Named Executive Officer
  Fiscal Year
Awarded
  Performance
Period End
Date
  Target
Number of
Shares
  Number of
Shares
Credited (1)
  Dollar Value of
Shares
Credited (2)($)
 

Leslie J. Stretch

    2015     6/30/2018     134,228     234,899     8,456,364  

    2016     12/31/2018     35,714     55,713     2,005,668  

    2017     12/31/2019     145,984     133,819     4,817,484  

Roxanne Oulman

    2017     12/31/2019     17,030     15,610     561,960  

Jimmy C. Duan

    2015     6/30/2018     57,046     99,830     3,593,880  

    2017     12/31/2019     29,196     26,763     963,468  

       Callidus's severance arrangement with Mr. Stretch provides that if he is terminated without cause or resigns for good reason, he will receive a lump sum severance payment equal to 18 months of his base salary, target bonus, and cost of COBRA health benefits contributions. Callidus's severance arrangement with Ms. Oulman provides that if she is terminated without cause or resigns for good reason, she will receive a lump sum severance payment equal to 12 months of her base salary, target bonus, and cost of COBRA health benefits contributions. Callidus's severance arrangement with Mr. Duan provides that if he is terminated without cause or resigns for good reason, he will receive a lump sum severance payment equal to nine months of his base salary, target bonus, and cost of COBRA health benefits contributions.
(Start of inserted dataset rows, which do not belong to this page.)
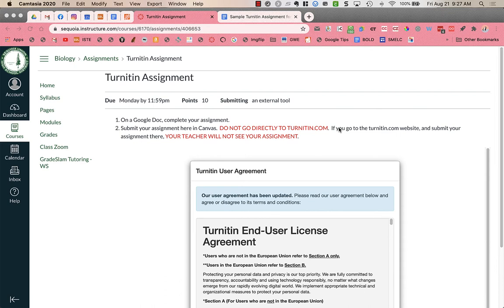You might have an assignment in Canvas to write a paper and then submit it through Canvas, but it will go through Turnitin. Turnitin.com is a separate website.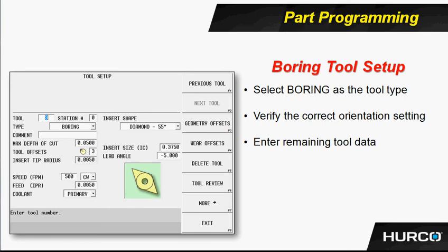So again, when programming an ID profile, we want to follow the same rules as we did before with our rapid start. Program the profile from the larger diameter towards the face of the part, getting smaller as we go back. We want to control the approach and retract distances. We want to reduce those from the 100 thousandths that are typically the default to a smaller value like 20 thousandths.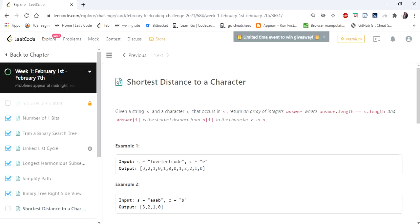Hello everyone! Today we are going to cover another interesting problem: shortest distance to a character. The input given is a string s and a character c, and we have to return the shortest distance array of that character in a given string.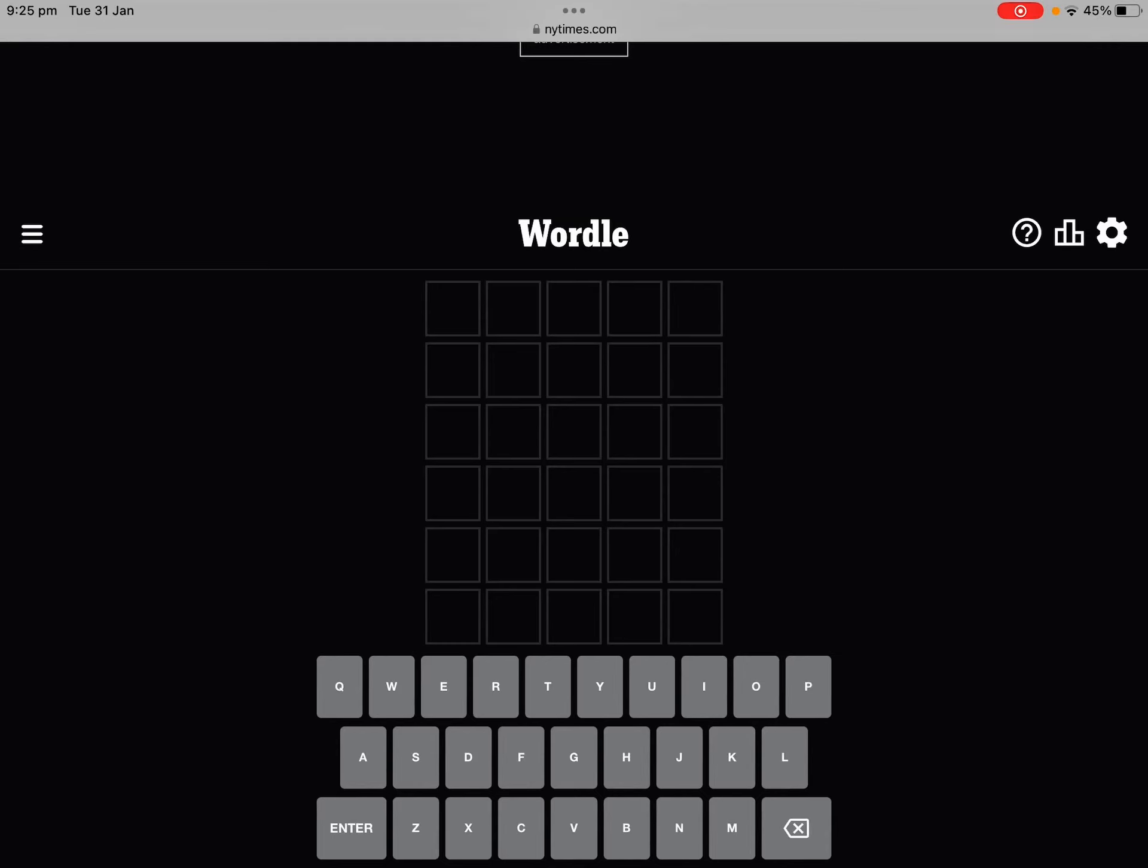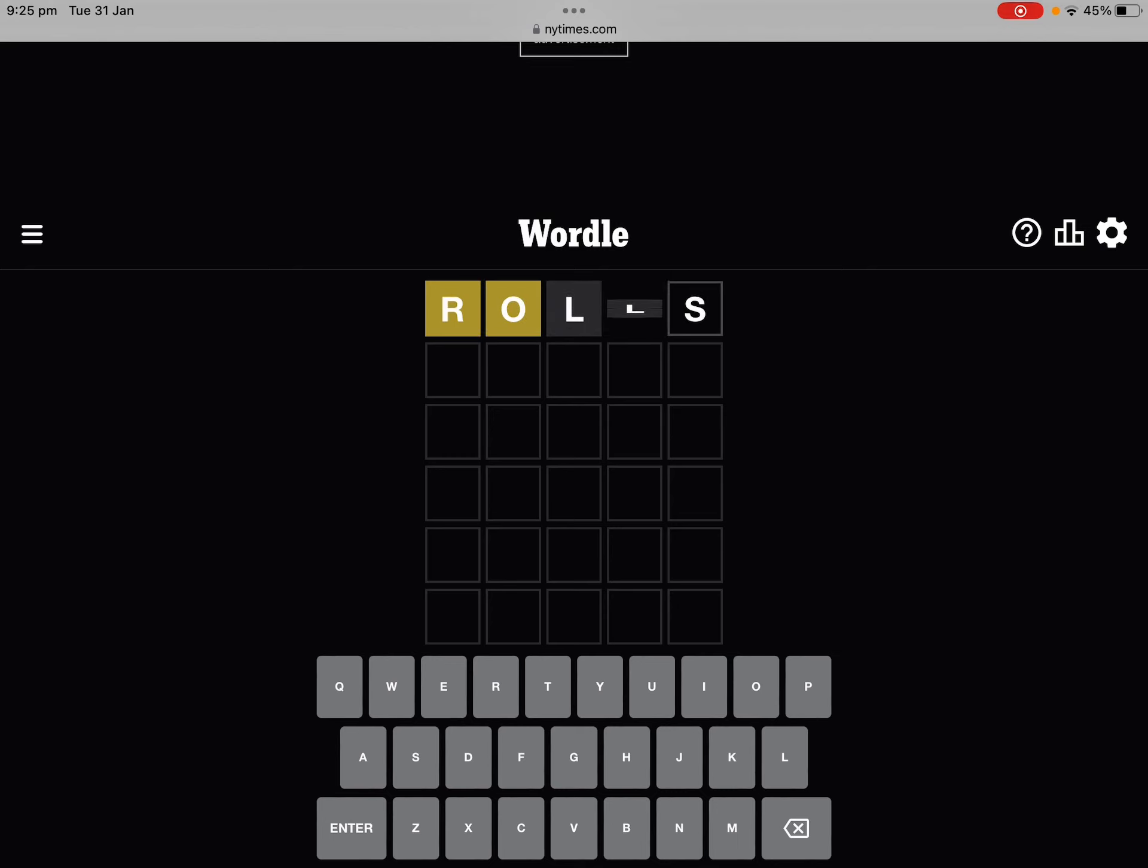Yo what's up guys, it's your boy Cozy back with another YouTube video. Today we're only using words for Wordle, so we got...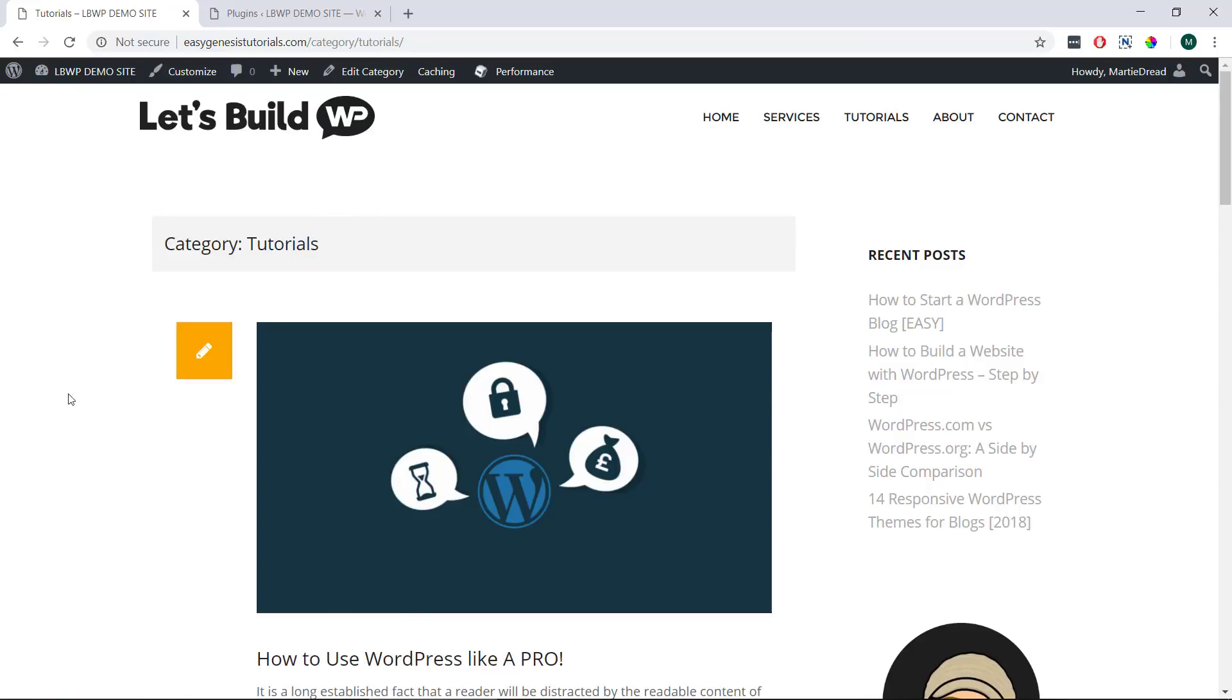But I should also point out that our pages are going to be added to our lists in the usual order, meaning if we add an older page to one of our categories it might not be the first in the list, they'll still be ordered by date.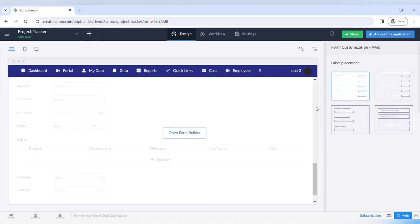Hello everyone and welcome back to our channel. This is the second video in our series of getting started with Zoho Creator. In this week's video we will talk about creating custom pages in Zoho Creator.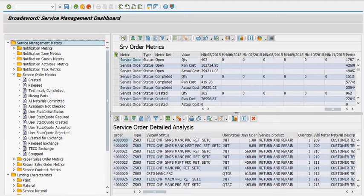Notifications gives you all the information you need on your call center. Service orders give you the complete picture of your service shop itself. Service contracts let you quickly see if your contracts are profitable or not and see all the associated documents that are generating the cost and revenue.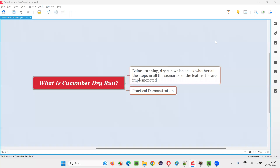Hello all, welcome to this session. In this session, I am going to answer one of the Selenium interview questions — that is, what is Cucumber dry run?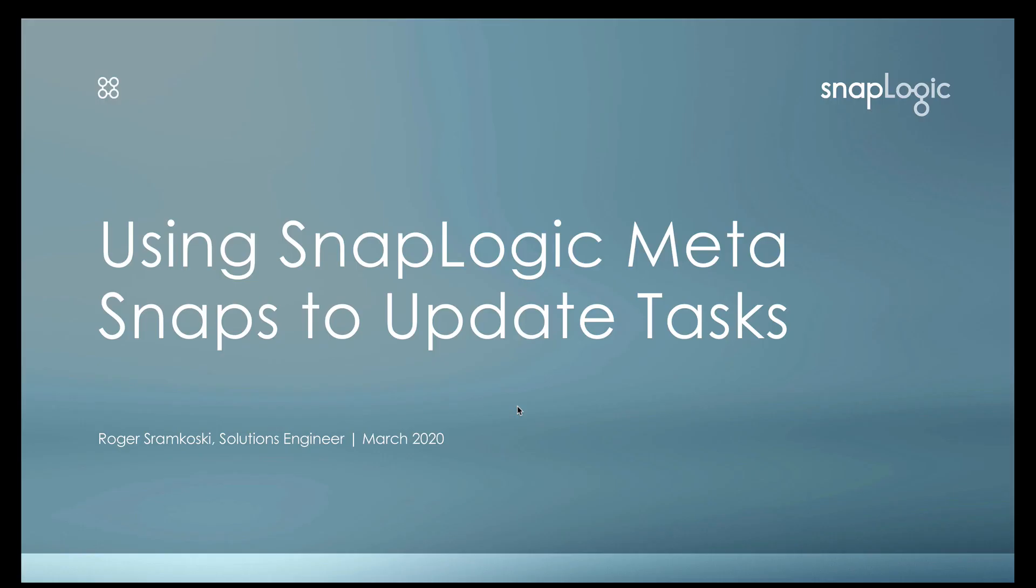Hello everyone, my name is Roger Stromkoski and I'm a solutions engineer at SnapLogic. In this video we're going to talk about using SnapLogic's Metadata SnapPak, or the Meta Snaps, to update tasks.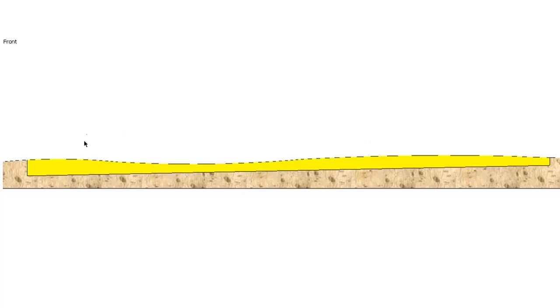To do our long section, the first thing we need to do is what we call a straight line survey. We need to actually break this trench up into even points, and the closer together those points, the more accurate your long section is going to be at the end.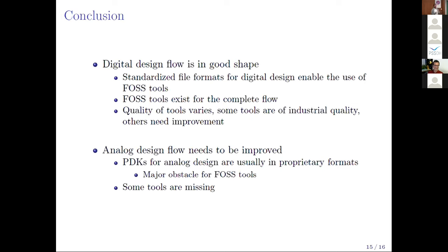To summarize: the digital flow is in good shape — there is a complete digital flow. However, some tools are not of the best quality and need to be replaced. The analog design flow is far from good because, for a start, you cannot simulate real designs since open source tools cannot read the PDK-provided models, and some tools are missing completely. Thank you for your attention.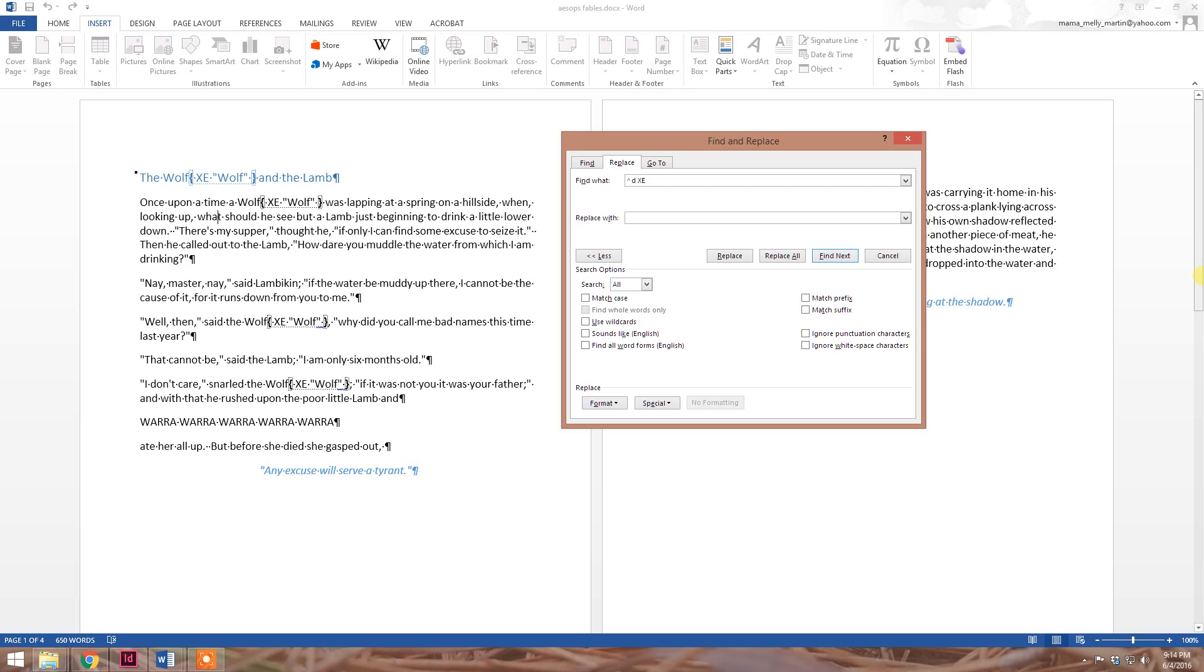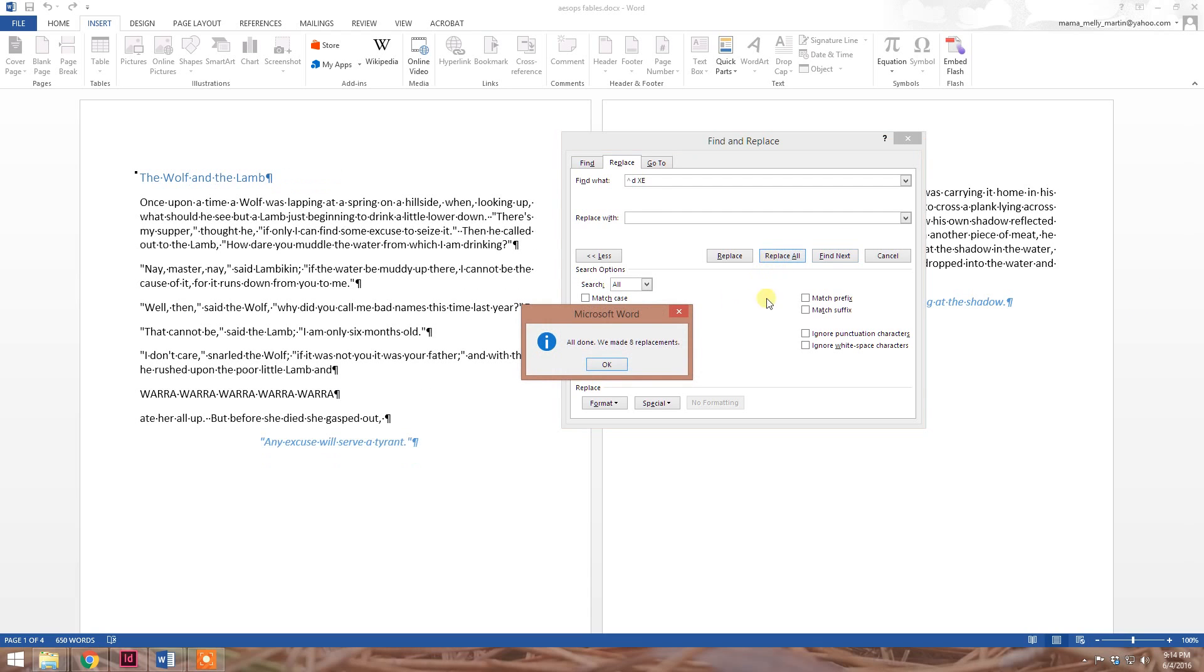Since we are wanting to completely remove all index markers, there is no need to put anything into the Replace section. Just leave it blank. Hit Replace All and you're done. All done, we made eight replacements.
The severance amounts our NEOs are entitled to in the event that they are terminated without cause or resign for good reason are set forth below in the section below entitled "— Potential Payments in Connection with a Change of Control." In each case, the named executive officer would be required to timely execute a general release of claims prior to receiving the severance payments.

       In addition, if such qualifying termination without cause or for good reason occurs within 18 months after a change of control, including the completion of the merger, 100% of the NEOs' existing awards of options, RSUs and PSUs would immediately vest and become payable, as applicable.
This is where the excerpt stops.